- **Provided data**:
+===+
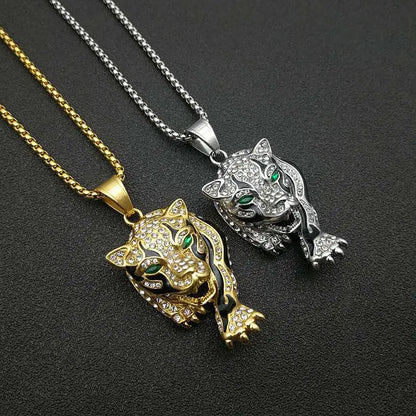 New Trendy Animal Tiger Shape Pendant Necklace Men's Necklace Fashion Bohemian Crystal Inlaid Pendant Accessories Party Jewelry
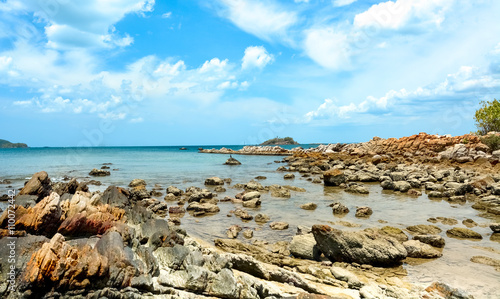 Colorful rocky beach side in Trinco, Sri Lanka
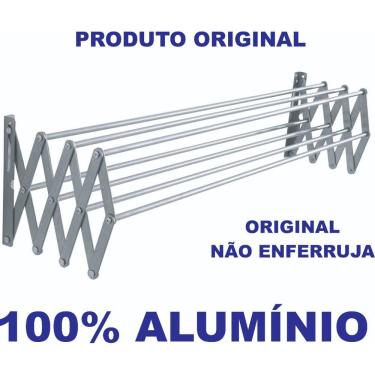 Imagem de Varal Sanfonado De Parede Retrátil 1 Metro Alumínio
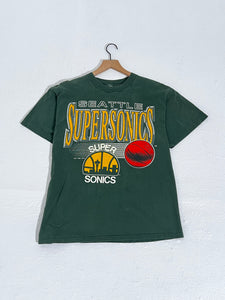 Vintage 1990's Seattle Supersonics Green T-Shirt Sz. L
+===+
- **Aim of the exercise**:
The material is to be written out word for word, and the pictures are to be left out.

- **Finished task**:
 New Trendy Animal Tiger Shape Pendant Necklace Men's Necklace Fashion Bohemian Crystal Inlaid Pendant Accessories Party Jewelry
 Colorful rocky beach side in Trinco, Sri Lanka
 Imagem de Varal Sanfonado De Parede Retrátil 1 Metro Alumínio
 Vintage 1990's Seattle Supersonics Green T-Shirt Sz. L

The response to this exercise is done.